Limitations & Future Work¶
- The method requires training a reference contrastive model beforehand, increasing computational overhead during data preparation. The authors suggest considering off-the-shelf pre-trained models to approximate semantic similarity to simplify the process.
- Negative selection still depends on internal training set dynamics and cannot fundamentally identify all semantically equivalent samples. If the data annotations are noisy, trajectory signals might be affected by incorrect target sentences.
- Experiments are focused on PHOENIX14T and CSL-Daily, both relative controlled datasets. Real-world sign language scenarios involving dialects, signer variations, occlusions, and non-standard expressions may present more complex cross-domain issues.
- The current curriculum strategy uses hand-crafted quantile scheduling; future work could explore adaptive scheduling based on validation alignment or translation quality.
Related Work & Insights¶
- vs GFSLT-VLP: While GFSLT-VLP introduced CLIP-style pre-training to gloss-free SLT, this work points out the unstable quality of standard in-batch negatives and improves negative construction within the same framework.
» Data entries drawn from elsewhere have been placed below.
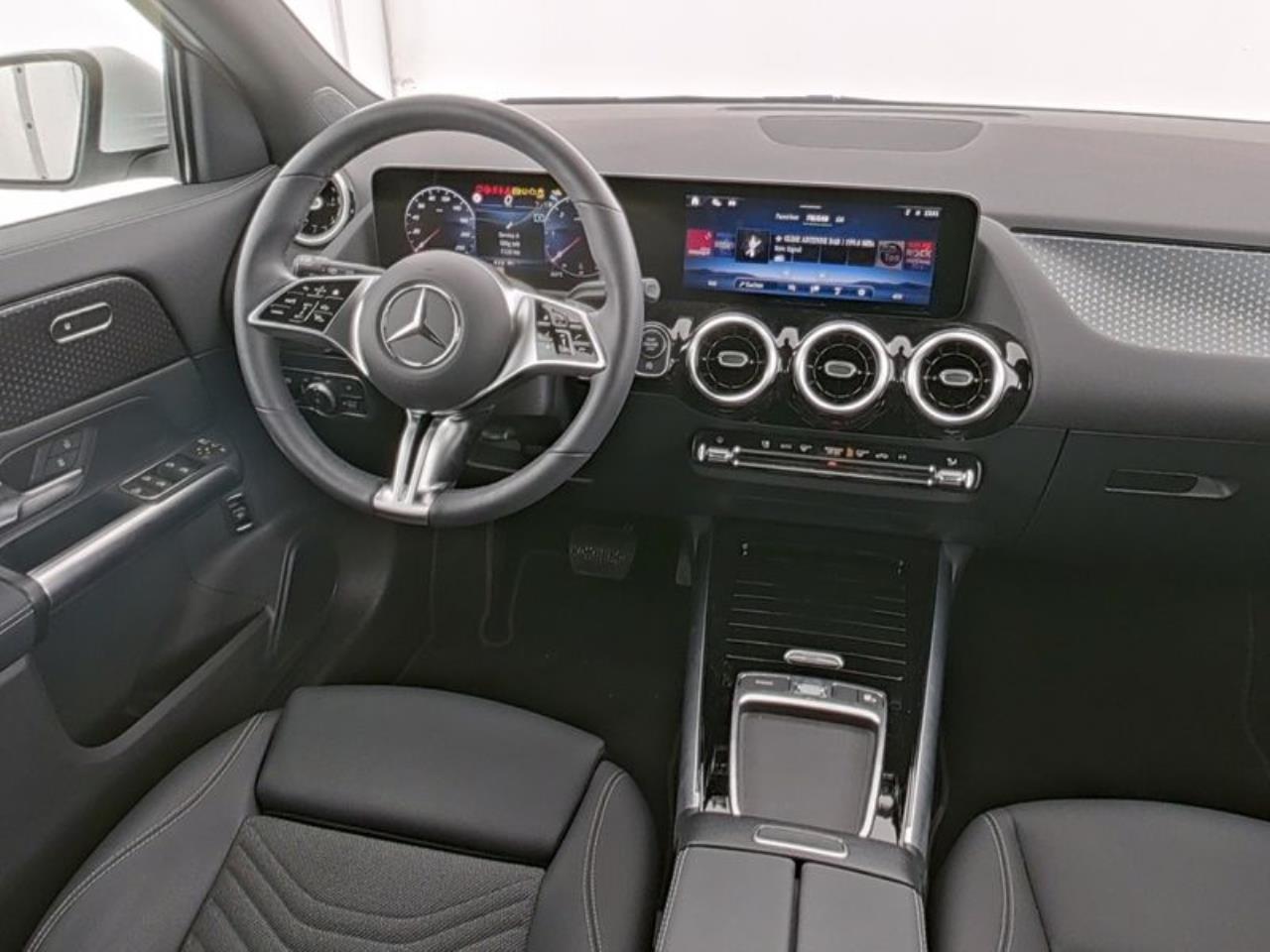 Mercedes-Benz GLA 220 d 4M Progressive Panorama Distronic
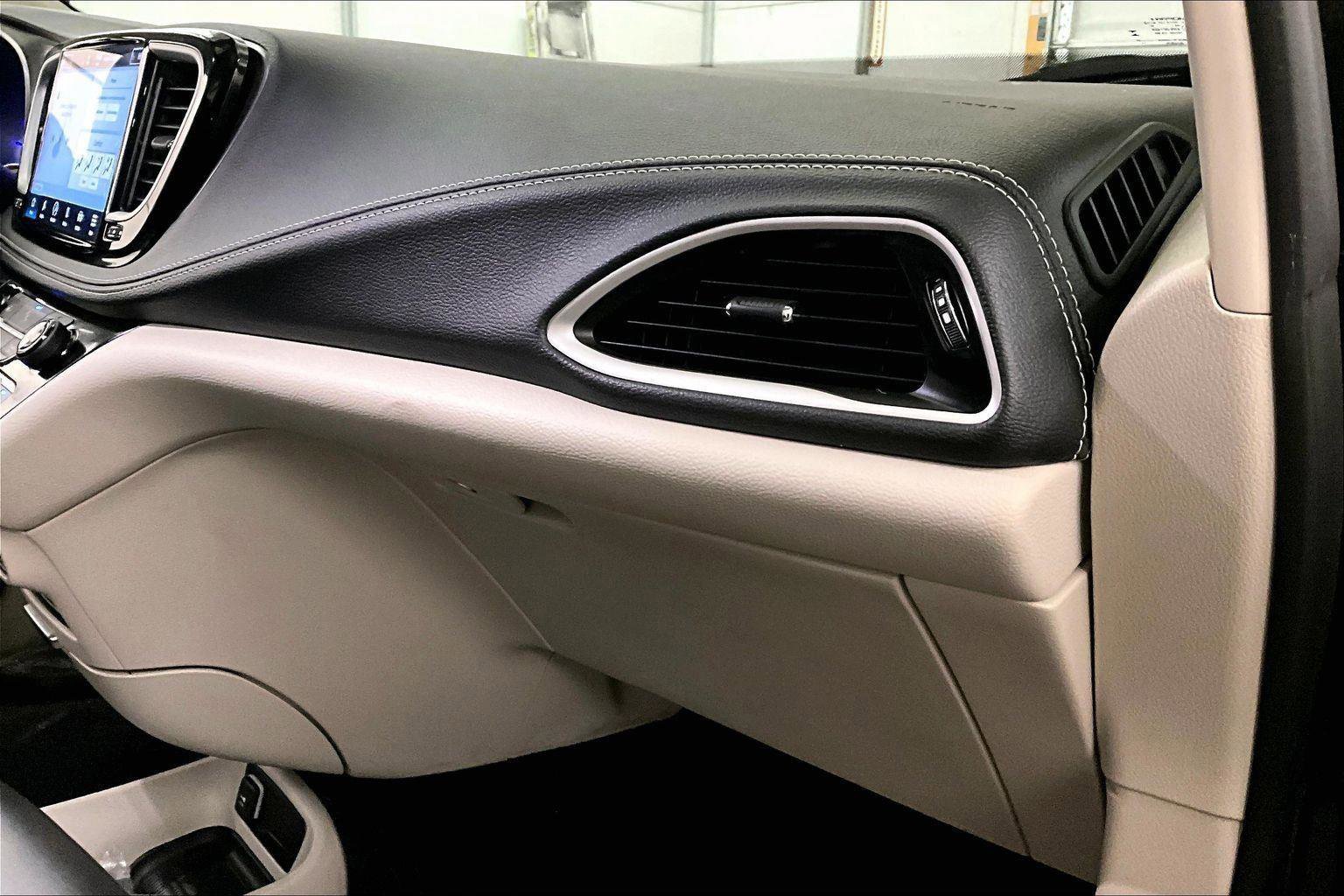 Used 2023 Chrysler Pacifica Touring-L image 15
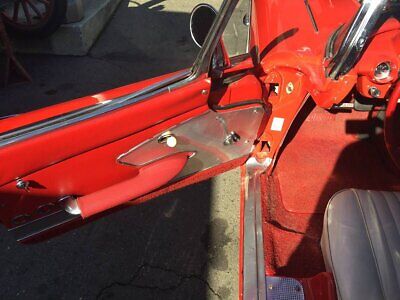 Chevrolet-Chevelle-Cabriolet-1960-Red-Red-125101-5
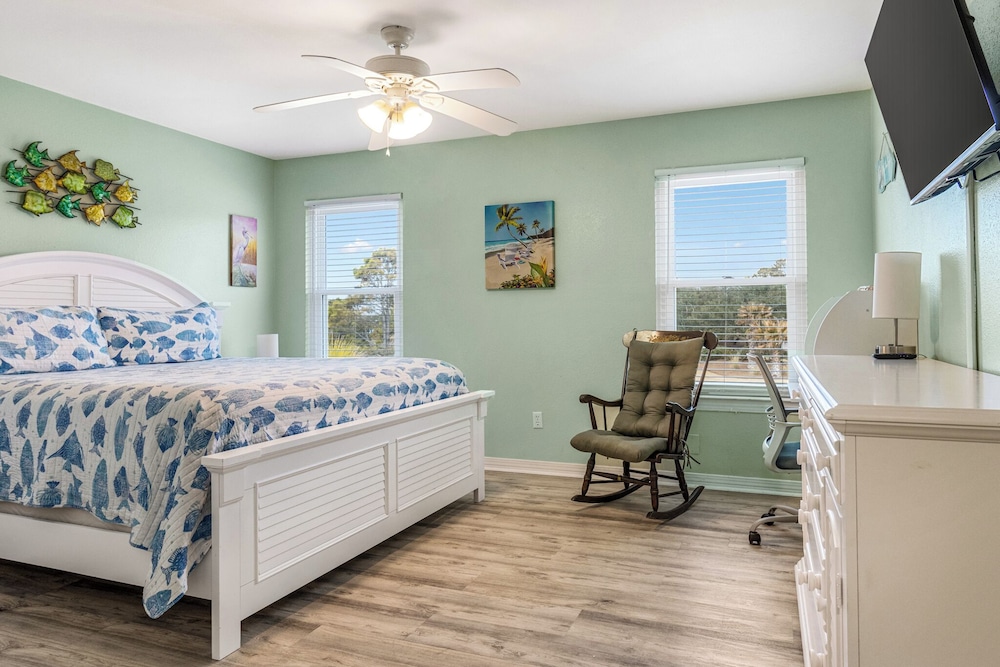Beach Bum by Southern Vacation Rentals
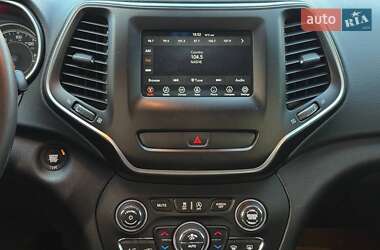 Внедорожник / Кроссовер Jeep Cherokee 2018 в 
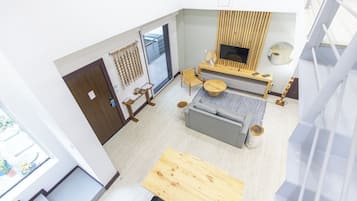 Premium Studio Suite | Living area | 40-inch Smart TV with digital channels, TV, Netflix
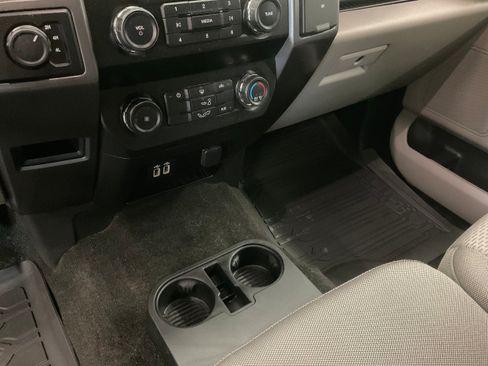 Used 2019 Ford F150 XLT AWD/4WD image 15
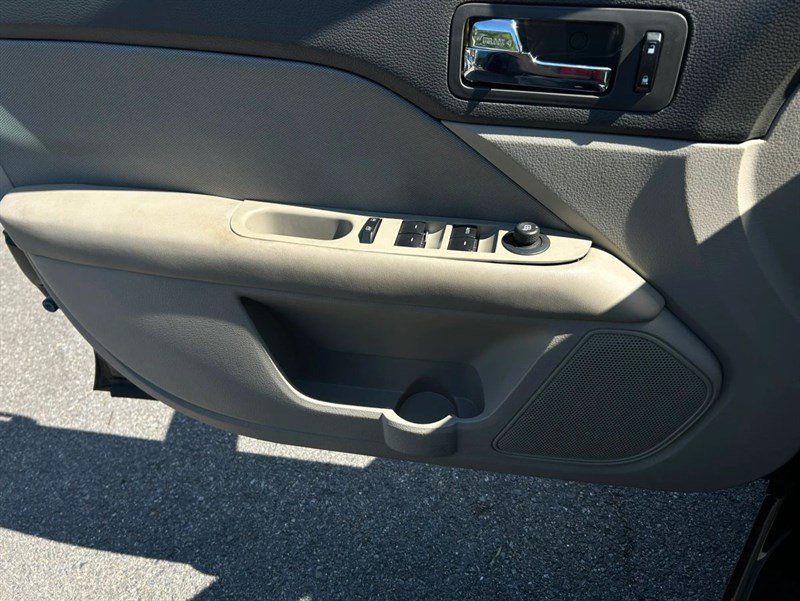 Used 2012 Ford Fusion SE FWD image 15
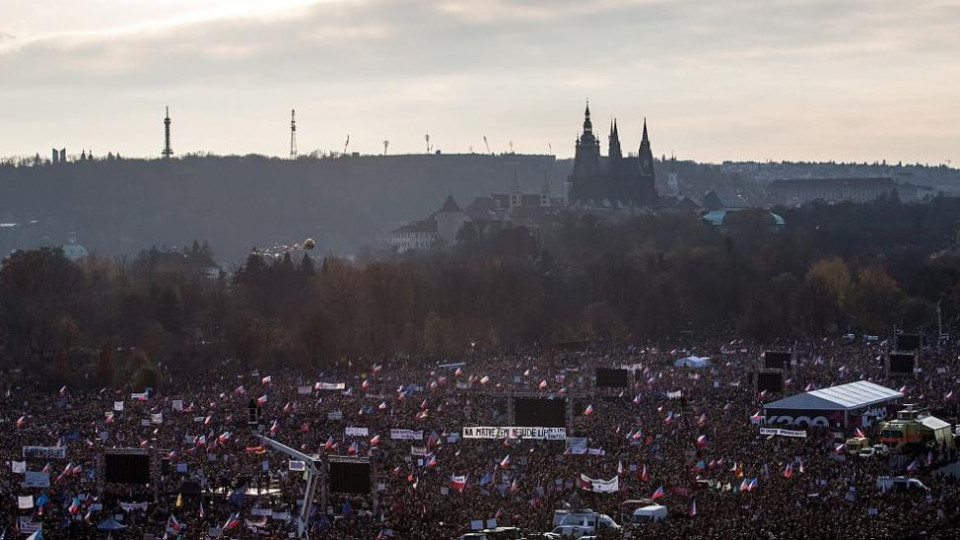 200 хиляди на протест  в Прага срещу Бабиш | StandartNews.com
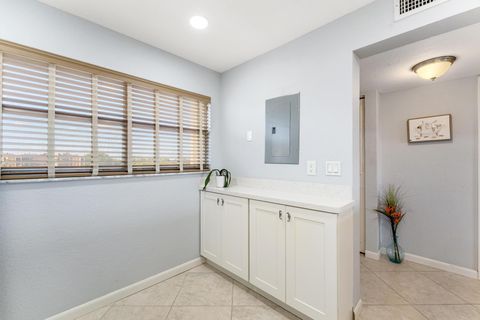 Tiny photo for 3654 Via Poinciana #504, Lake Worth, FL 33467 (MLS # B26002633)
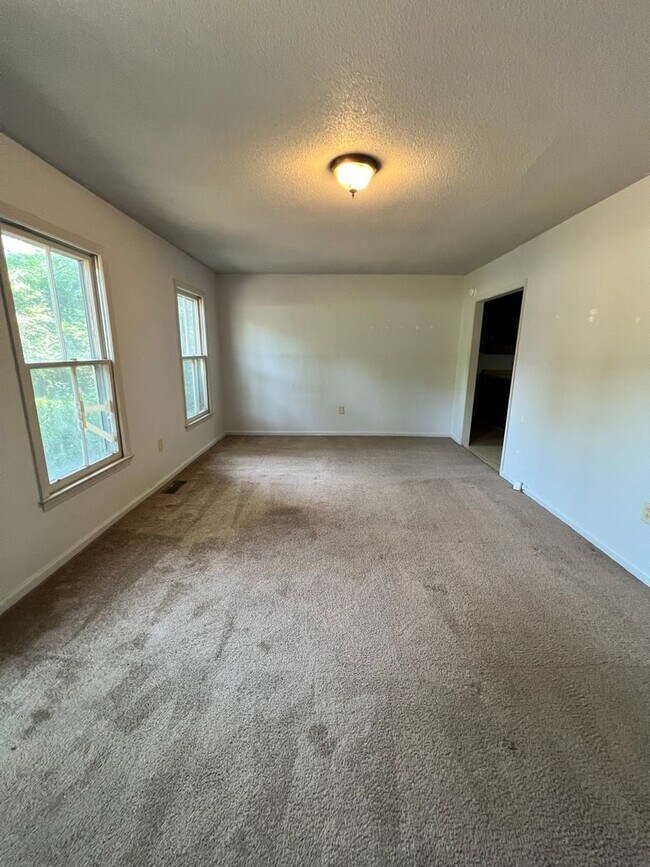 Building Photo - 503 W Fredericks St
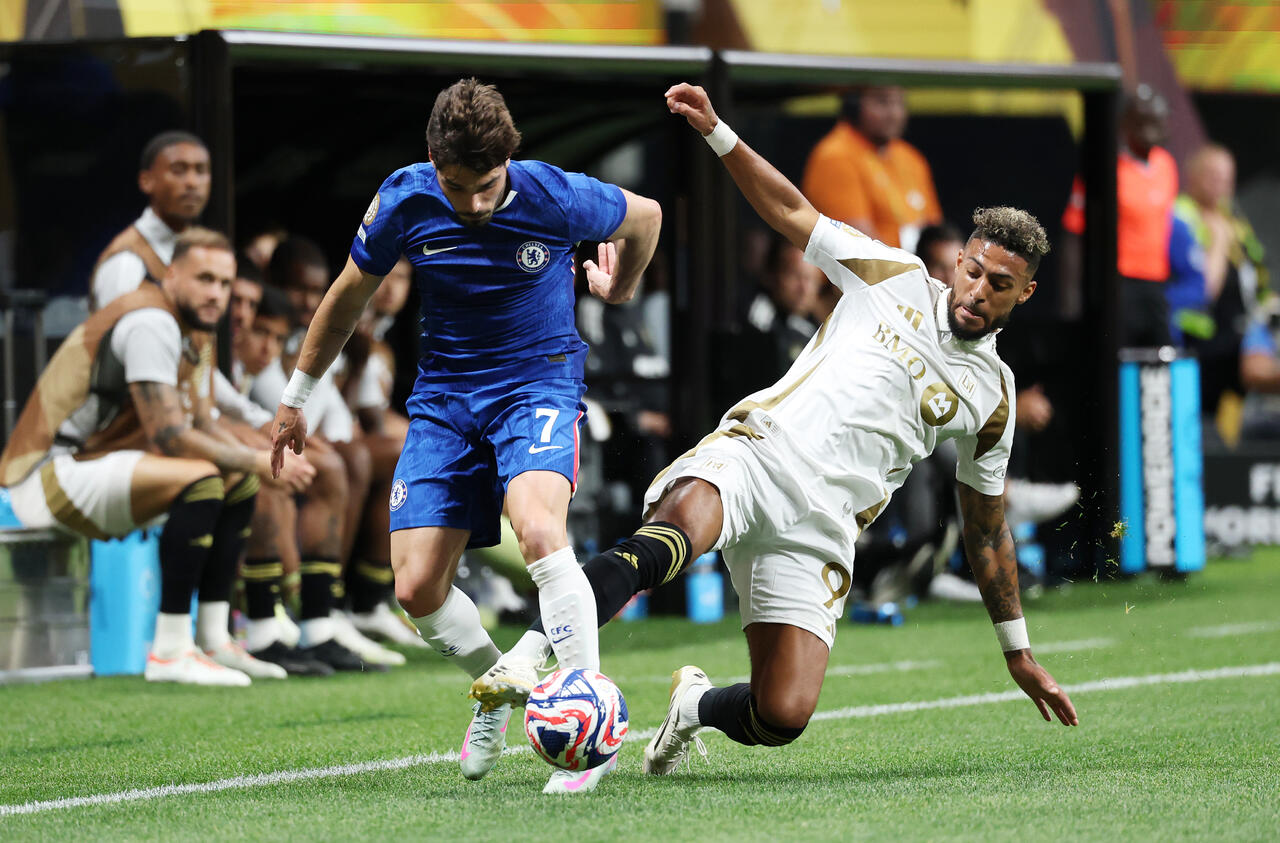 Pedro Neto e Denis Bouanga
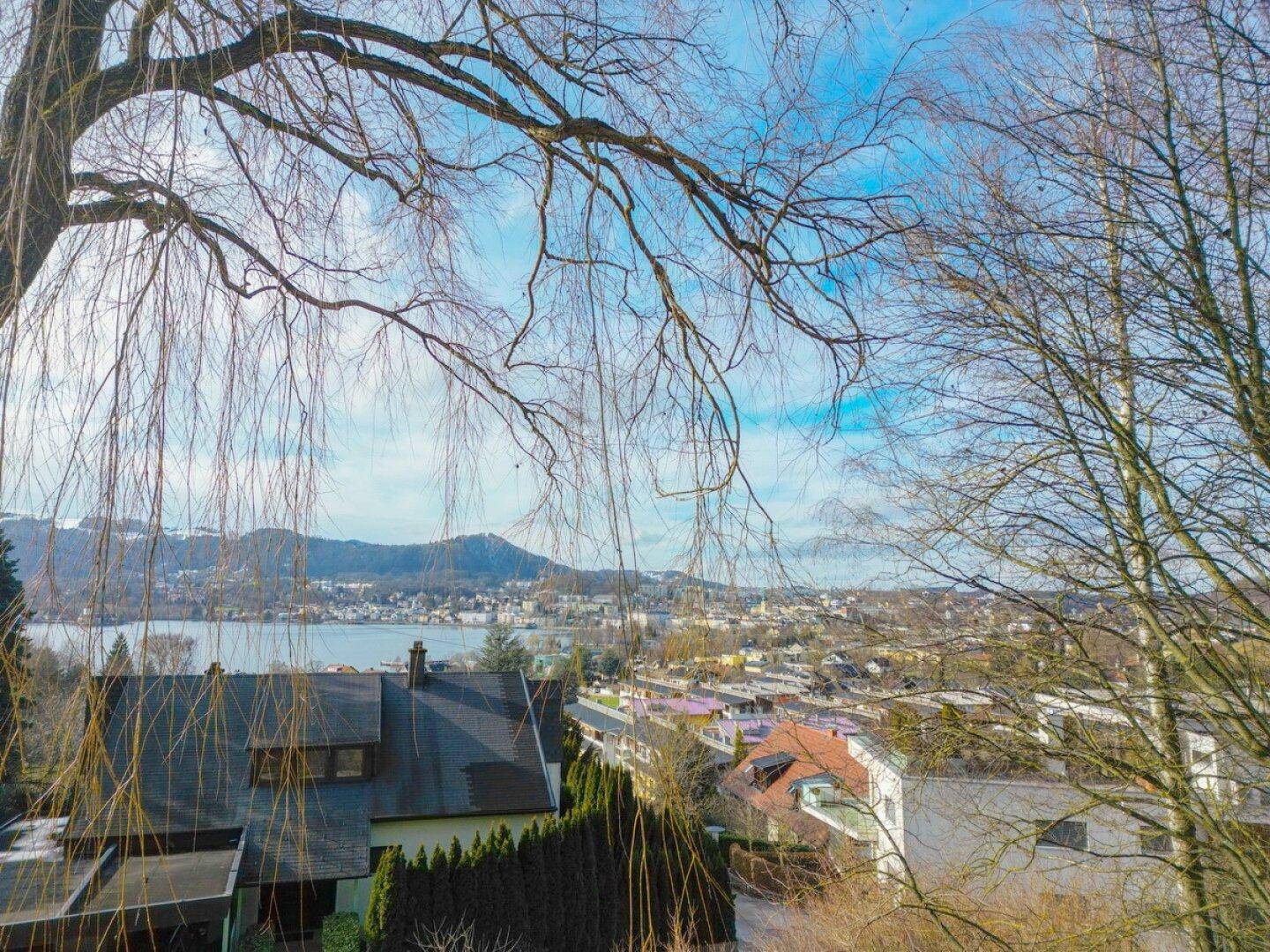 Panoramablick über die Stadt, den See und die umliegende Landschaft.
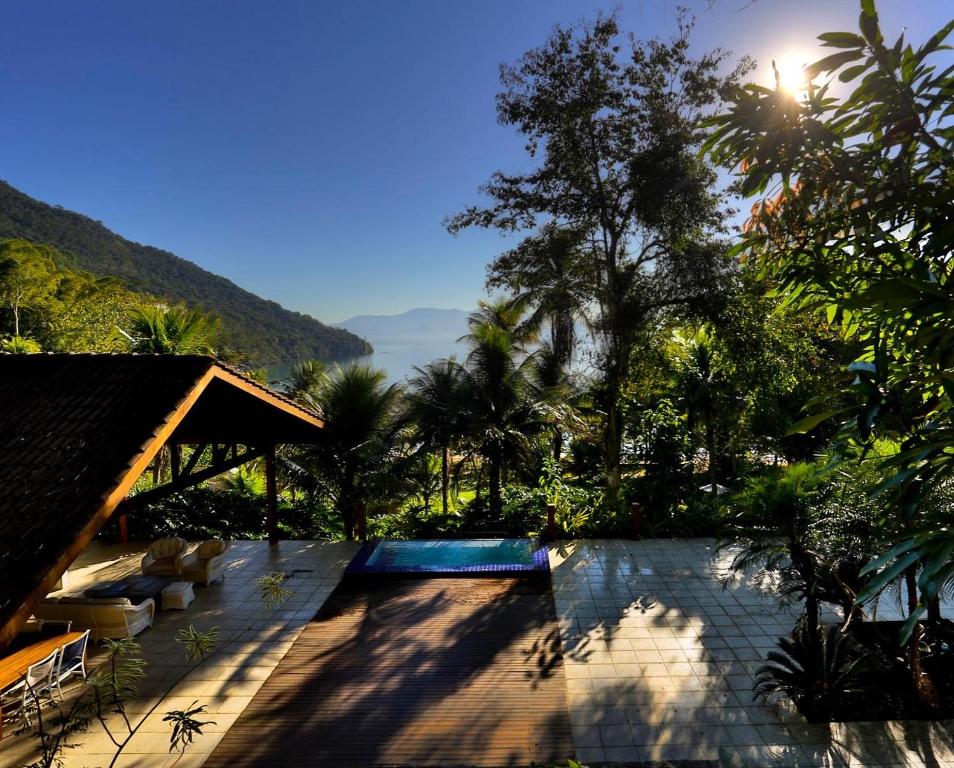 un complejo con piscina y montañas de fondo en Complexo Ubatubinha en Angra dos Reis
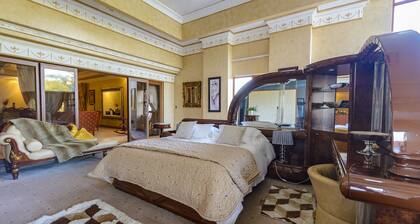 Equestrian Royal Boutique Hotel & Spa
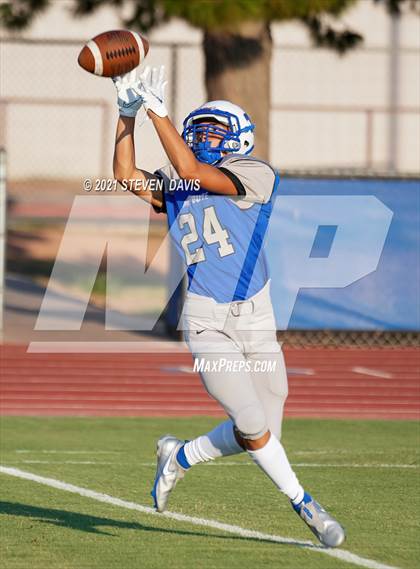 Thumbnail 3 in FR: Combs @ Mesquite photogallery.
- vs CiCo: CiCo improves video-text similarity aggregation. SCL-SLT adopts CiCo for computing the similarity matrix, but its core contribution is the selection of samples participating in contrast.
- vs LLAVA-SLT / SignLLM: These methods emphasize leveraging LLM language priors. SCL-SLT demonstrates that strong results can be achieved strictly by optimizing internal data signals without external LLM assistance.
- vs C2RL / MMSLT: C2RL and MMSLT rely on auxiliary objectives or descriptive supervision. The advantage of this work is its simplicity and plug-and-play nature, while the disadvantage is the requirement for extra reference model training.
Rating¶
- Novelty: ⭐⭐⭐⭐ Trajectory-driven pair-level negative curriculum learning is highly targeted and the problem definition is clear.
- Experimental Thoroughness: ⭐⭐⭐⭐ Covers curriculum scheduling, aggregation methods, and sampling intervals, though cross-domain and real-world validation is limited.
- Writing Quality: ⭐⭐⭐⭐ Motivation and trajectory analysis are clear, though some tables appear crowded in HTML format.
- Value: ⭐⭐⭐⭐⭐ Directly instructive for SLT and other cross-modal tasks suffering from false negatives.